Los movimientos de Fushiguro eran suaves, rápidos y metódicos mientras pasaba el cepillo por los brillantes flancos de cabellos.

Satoru lo observó durante un rato, apreciando la destreza del chamán. Las historias que decían que los ainus eran muy buenos con los caballos no eran un mito. Un chamán consideraba que los caballos eran sus compañeros al igual que los lobos del monte, unos animales con instintos idílicos e intrépidos. Y Mugen admitía la presencia de Fushiguro con una tranquila atención que mostraba ante muy pocas personas.

     —¿Qué quieres? —le preguntó Fushiguro sin dirigirle la mirada.

Satoru se dirigió sin ninguna prisa hacia el establo abierto, sonriendo cuando Mugen inclinó la cabeza y le dio un golpecito en el pecho.

     —No, chico... no tengo terrones de azúcar. —Le palmeó el musculoso cuello. Tenía las mangas del kimono remangada hasta los codos, dejando a la vista el Owari-no-Suke de seis ojos negros de su antebrazo. Satoru no recordaba cuándo le habían hecho el tatuaje... Estaba ahí desde siempre, por razones que su abuela nunca llegaría a explicarle.

Era un diseño de un antiguo ser de Sugawara no Michizane, una criatura sintoísta que alternaba entre la maldad y la bondad, que hablaba con una profunda voz humana y que volaba por la noche. Según la leyenda, Mugen llamaba a la puerta de los confiados humanos a medianoche, y los llevaba a dar un paseo que cambiaría su vida para siempre.

Satoru jamás había visto un tatuaje similar en ninguna otra persona.

Hasta que conoció a Fushiguro.

Por capricho del destino, Fushiguro había resultado herido en el incendio del castillo. Y mientras le curaban la herida, había descubierto el tatuaje sintoísta en el hombro herido, nadie salvo él lo había notado, debido a los trazos irregulares que no coincidían con la negrura de la putrefacción. No le había mencionado a Yuji hasta después de la unión de su clan al suyo.

El tatuaje había hecho que Satoru se planteara unas cuantas preguntas.

Vio que Fushiguro le miraba el tatuaje del brazo.

     —¿Qué hace un chamán como tú con un tatuaje de diseño sintoísta de Sugawara no Michizane?

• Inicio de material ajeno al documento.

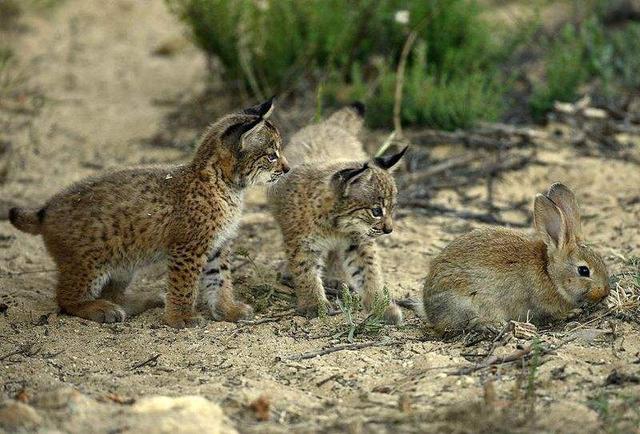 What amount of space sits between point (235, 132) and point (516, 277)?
2.18m

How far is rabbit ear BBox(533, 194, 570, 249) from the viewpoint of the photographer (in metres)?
6.68

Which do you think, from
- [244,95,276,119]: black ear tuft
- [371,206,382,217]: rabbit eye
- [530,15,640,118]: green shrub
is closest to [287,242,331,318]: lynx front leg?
[371,206,382,217]: rabbit eye

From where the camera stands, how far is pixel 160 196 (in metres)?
7.14

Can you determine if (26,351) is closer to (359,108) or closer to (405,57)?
(359,108)

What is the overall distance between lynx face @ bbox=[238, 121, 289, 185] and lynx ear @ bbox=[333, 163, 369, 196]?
0.42 metres

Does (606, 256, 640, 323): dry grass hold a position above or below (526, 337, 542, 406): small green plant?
below

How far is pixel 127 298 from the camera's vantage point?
753 cm

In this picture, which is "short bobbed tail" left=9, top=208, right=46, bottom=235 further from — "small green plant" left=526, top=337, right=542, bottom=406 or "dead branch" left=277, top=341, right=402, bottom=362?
"small green plant" left=526, top=337, right=542, bottom=406

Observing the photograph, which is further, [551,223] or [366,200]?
[366,200]

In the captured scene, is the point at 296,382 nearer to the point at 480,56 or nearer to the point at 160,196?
the point at 160,196

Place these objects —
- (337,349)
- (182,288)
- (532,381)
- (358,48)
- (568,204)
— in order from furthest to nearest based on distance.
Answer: (358,48), (182,288), (568,204), (337,349), (532,381)

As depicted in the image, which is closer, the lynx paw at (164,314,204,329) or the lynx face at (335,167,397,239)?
the lynx paw at (164,314,204,329)

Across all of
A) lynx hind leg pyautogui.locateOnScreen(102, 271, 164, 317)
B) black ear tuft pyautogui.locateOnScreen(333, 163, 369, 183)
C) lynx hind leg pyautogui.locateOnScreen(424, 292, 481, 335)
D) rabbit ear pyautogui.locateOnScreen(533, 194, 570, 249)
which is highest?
black ear tuft pyautogui.locateOnScreen(333, 163, 369, 183)

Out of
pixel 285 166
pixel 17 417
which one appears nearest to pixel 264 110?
pixel 285 166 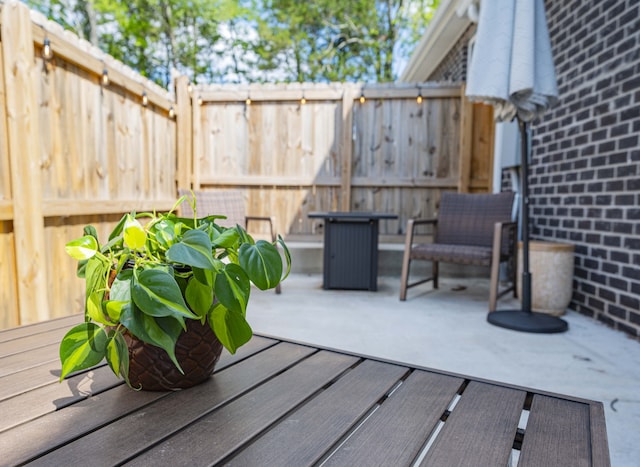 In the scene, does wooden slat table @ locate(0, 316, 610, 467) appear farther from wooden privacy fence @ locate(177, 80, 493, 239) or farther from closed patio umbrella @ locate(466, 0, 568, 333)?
wooden privacy fence @ locate(177, 80, 493, 239)

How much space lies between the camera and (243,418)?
0.72m

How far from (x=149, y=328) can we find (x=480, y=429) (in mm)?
563

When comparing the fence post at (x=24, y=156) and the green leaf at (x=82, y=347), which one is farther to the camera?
the fence post at (x=24, y=156)

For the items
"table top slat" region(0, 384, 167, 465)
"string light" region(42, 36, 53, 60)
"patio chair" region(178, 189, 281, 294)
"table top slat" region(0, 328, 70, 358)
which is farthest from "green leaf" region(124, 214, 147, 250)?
"patio chair" region(178, 189, 281, 294)

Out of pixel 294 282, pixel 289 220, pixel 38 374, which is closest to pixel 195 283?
pixel 38 374

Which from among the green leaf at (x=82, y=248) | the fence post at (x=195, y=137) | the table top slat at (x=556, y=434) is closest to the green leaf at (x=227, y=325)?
the green leaf at (x=82, y=248)

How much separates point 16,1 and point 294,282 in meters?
2.90

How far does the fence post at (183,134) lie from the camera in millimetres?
4728

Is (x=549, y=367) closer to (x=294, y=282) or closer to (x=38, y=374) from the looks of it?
(x=38, y=374)

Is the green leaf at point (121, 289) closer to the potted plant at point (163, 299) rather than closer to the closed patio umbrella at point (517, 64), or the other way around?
the potted plant at point (163, 299)

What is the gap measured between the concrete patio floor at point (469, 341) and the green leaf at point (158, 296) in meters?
1.36

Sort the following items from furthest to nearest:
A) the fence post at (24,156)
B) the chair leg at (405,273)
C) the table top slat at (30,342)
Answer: the chair leg at (405,273), the fence post at (24,156), the table top slat at (30,342)

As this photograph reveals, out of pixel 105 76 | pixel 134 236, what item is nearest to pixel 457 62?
pixel 105 76

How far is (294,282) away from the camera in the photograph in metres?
4.16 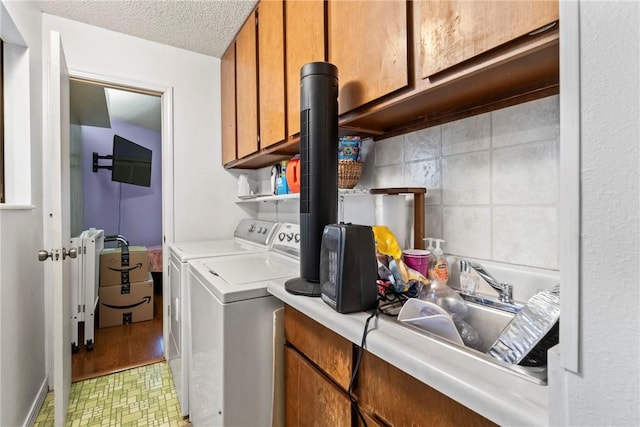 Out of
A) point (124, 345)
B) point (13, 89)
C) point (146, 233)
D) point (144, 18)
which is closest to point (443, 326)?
point (13, 89)

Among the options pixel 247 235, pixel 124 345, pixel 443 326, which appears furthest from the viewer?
pixel 124 345

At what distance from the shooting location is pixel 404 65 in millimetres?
834

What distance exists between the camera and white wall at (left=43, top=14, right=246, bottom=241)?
2.04 meters

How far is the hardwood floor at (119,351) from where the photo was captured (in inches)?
85.4

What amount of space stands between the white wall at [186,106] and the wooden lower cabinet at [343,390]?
1.66m

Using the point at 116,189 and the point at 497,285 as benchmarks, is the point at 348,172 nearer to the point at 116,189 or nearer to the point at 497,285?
the point at 497,285

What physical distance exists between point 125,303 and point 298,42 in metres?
3.07

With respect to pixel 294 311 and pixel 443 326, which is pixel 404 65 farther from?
pixel 294 311

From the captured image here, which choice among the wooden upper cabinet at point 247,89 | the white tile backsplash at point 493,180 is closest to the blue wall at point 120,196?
the wooden upper cabinet at point 247,89

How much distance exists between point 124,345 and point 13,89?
206cm

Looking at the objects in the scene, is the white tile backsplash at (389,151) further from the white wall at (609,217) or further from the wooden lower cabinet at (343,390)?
the white wall at (609,217)

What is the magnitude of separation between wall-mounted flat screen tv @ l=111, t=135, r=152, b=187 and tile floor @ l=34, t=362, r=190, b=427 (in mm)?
2975

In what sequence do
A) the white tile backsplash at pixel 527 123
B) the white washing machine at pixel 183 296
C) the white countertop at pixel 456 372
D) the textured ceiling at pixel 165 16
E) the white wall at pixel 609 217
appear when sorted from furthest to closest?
the textured ceiling at pixel 165 16, the white washing machine at pixel 183 296, the white tile backsplash at pixel 527 123, the white countertop at pixel 456 372, the white wall at pixel 609 217

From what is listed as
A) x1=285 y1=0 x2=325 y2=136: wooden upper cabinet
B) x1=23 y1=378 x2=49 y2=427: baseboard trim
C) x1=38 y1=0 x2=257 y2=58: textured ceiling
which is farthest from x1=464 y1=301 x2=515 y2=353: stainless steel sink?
x1=23 y1=378 x2=49 y2=427: baseboard trim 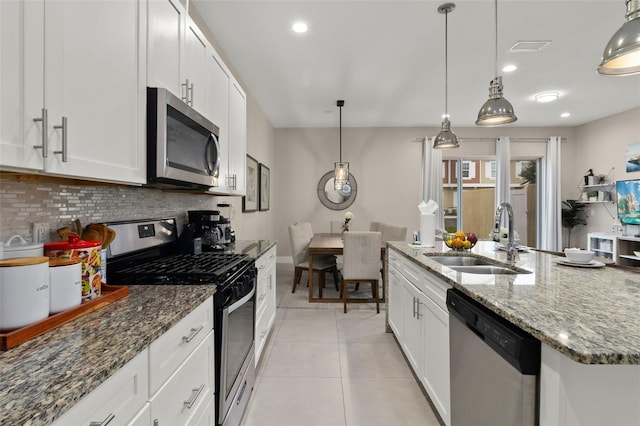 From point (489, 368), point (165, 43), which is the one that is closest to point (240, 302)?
point (489, 368)

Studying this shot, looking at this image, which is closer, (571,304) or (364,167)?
(571,304)

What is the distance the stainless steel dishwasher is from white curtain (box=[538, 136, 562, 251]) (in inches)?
231

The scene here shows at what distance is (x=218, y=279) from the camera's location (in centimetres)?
147

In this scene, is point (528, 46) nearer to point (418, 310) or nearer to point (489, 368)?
point (418, 310)

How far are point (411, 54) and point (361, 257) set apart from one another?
2.27 meters

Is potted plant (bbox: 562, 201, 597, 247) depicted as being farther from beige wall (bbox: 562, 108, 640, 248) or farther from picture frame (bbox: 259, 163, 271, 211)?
picture frame (bbox: 259, 163, 271, 211)

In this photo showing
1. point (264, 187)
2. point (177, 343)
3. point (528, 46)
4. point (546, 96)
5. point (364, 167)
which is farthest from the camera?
point (364, 167)

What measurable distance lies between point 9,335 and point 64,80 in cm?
71

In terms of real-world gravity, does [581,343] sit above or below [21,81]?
below

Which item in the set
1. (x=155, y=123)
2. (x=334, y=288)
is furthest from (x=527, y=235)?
(x=155, y=123)

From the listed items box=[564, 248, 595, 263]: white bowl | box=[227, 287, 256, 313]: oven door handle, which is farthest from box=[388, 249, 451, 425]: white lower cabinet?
box=[227, 287, 256, 313]: oven door handle

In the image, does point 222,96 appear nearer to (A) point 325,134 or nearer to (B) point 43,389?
(B) point 43,389

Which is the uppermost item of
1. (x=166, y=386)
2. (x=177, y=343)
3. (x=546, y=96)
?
(x=546, y=96)

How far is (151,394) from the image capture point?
36.3 inches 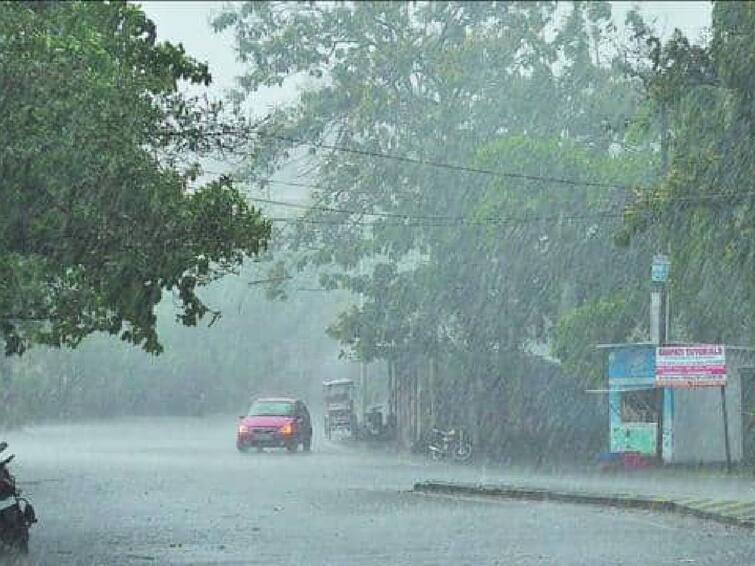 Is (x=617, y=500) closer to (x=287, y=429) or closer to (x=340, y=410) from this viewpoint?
(x=287, y=429)

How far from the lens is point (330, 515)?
2297cm

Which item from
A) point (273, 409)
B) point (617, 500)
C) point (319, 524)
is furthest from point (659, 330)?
point (319, 524)

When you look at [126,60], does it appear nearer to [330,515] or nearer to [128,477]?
[330,515]

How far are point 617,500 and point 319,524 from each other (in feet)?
18.0

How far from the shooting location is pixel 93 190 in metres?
16.4

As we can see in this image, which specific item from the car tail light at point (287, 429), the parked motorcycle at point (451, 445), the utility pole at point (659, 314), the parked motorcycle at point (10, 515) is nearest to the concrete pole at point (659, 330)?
the utility pole at point (659, 314)

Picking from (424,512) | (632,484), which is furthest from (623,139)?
(424,512)

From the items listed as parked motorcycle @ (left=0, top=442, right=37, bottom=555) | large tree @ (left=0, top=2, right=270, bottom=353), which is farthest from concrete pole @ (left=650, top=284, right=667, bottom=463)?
parked motorcycle @ (left=0, top=442, right=37, bottom=555)

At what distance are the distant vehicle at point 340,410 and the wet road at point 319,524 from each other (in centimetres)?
1983

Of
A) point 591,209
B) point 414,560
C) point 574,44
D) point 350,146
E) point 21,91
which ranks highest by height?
point 574,44

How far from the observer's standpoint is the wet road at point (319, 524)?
665 inches

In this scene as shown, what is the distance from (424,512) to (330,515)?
4.62 ft

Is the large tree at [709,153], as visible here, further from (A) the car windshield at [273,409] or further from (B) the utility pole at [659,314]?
(A) the car windshield at [273,409]

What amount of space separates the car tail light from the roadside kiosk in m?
11.5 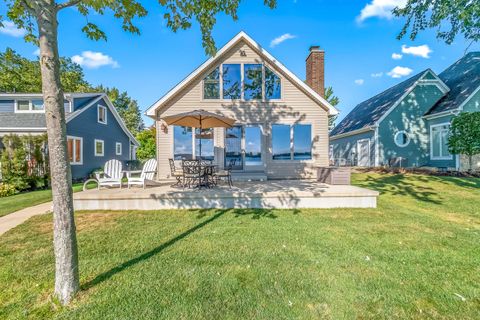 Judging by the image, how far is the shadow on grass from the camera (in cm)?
749

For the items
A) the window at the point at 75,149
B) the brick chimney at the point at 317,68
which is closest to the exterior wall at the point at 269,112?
the brick chimney at the point at 317,68

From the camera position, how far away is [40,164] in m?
10.9

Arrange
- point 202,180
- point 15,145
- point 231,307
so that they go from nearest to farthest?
point 231,307 < point 202,180 < point 15,145

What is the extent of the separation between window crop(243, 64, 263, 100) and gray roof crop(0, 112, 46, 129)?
1188 cm

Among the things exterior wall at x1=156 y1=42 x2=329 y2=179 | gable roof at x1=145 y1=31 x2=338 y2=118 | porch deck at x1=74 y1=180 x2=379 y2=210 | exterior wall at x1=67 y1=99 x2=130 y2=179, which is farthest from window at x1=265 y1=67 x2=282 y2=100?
exterior wall at x1=67 y1=99 x2=130 y2=179

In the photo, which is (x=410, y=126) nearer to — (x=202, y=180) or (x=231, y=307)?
(x=202, y=180)

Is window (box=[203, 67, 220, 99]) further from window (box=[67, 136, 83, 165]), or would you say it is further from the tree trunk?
window (box=[67, 136, 83, 165])

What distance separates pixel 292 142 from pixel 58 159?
9.47 m

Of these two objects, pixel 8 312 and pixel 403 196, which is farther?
pixel 403 196

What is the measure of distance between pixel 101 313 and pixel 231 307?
1.32 metres

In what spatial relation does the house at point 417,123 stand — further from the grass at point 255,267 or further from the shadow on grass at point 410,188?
the grass at point 255,267

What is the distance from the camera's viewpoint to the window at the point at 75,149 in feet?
46.4

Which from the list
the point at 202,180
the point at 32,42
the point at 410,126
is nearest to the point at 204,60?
the point at 202,180

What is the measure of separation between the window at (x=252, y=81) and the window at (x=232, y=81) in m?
0.28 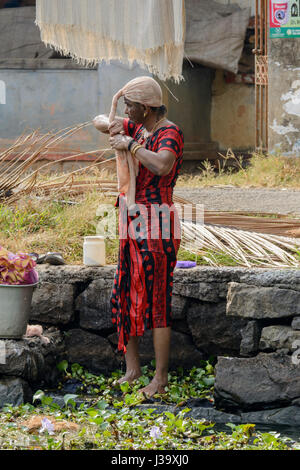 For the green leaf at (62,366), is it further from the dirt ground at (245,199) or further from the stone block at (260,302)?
the dirt ground at (245,199)

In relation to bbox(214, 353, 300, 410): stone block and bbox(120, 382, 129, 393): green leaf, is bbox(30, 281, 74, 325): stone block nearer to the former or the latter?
bbox(120, 382, 129, 393): green leaf

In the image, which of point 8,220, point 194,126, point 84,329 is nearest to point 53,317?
point 84,329

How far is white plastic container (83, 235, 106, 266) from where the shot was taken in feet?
19.7

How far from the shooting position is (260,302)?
5469 millimetres

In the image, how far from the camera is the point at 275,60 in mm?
10695

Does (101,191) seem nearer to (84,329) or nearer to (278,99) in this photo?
(84,329)

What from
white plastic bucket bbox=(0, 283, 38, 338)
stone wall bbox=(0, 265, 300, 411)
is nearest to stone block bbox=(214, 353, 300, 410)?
stone wall bbox=(0, 265, 300, 411)

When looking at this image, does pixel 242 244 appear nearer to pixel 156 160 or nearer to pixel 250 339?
pixel 250 339

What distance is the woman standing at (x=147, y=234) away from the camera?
520cm

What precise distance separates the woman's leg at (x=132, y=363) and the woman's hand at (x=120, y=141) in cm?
123

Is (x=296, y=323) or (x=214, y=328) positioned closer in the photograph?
(x=296, y=323)

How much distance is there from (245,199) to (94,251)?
2821mm

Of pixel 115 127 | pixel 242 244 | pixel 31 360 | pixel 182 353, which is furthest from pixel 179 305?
pixel 115 127

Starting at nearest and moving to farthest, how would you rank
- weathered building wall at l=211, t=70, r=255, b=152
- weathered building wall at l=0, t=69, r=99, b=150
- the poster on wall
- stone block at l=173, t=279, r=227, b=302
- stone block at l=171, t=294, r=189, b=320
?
stone block at l=173, t=279, r=227, b=302
stone block at l=171, t=294, r=189, b=320
the poster on wall
weathered building wall at l=0, t=69, r=99, b=150
weathered building wall at l=211, t=70, r=255, b=152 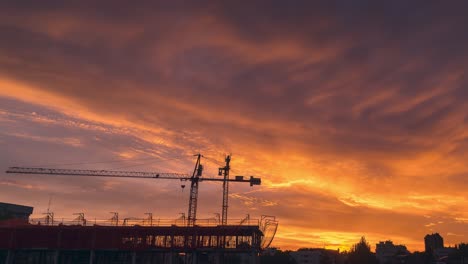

     —No es nada especial. Hubo deserciones de ese clan y chamanes que fueron del templo sintoísta.

     —Hay algo inusual en ese tatuaje —dijo Satoru serenamente—. Jamás había visto uno igual con anterioridad. Y ninguno de los Itadori lo sabía hasta hace unas semanas atrás, es evidente que te esforzaste mucho en ocultarlo. ¿Por qué oniisan?

     —No me llames así.

     —Has formado parte de la familia Itadori desde la infancia —dijo Satoru—. Y yo soy ahora parte de la familia. Eso nos convierte en hermanos ¿no?

Una mirada desdeñosa fue la única respuesta.

Satoru encontraba una perversa diversión en comportarse de manera amistosa con un chamán que claramente lo despreciaba. Entendía a la perfección que era lo que incitaba la hostilidad de Fushiguro. La llegada de otro hombre al clan familiar, no era nunca una situación fácil y, por lo general, su lugar estaría más abajo en la jerarquía.

Que Satoru, un desconocido, llegara y actuara como cabeza de la familia no era algo fácil de asimilar. No ayudaba nada que él fuera un mestizo nacido de una madre chamán y padre de algún antiguo clan perdido. Y por si fuera poco, Satoru disfrutaba de una buena situación económica, un hecho vergonzoso a los ojos de los ainu.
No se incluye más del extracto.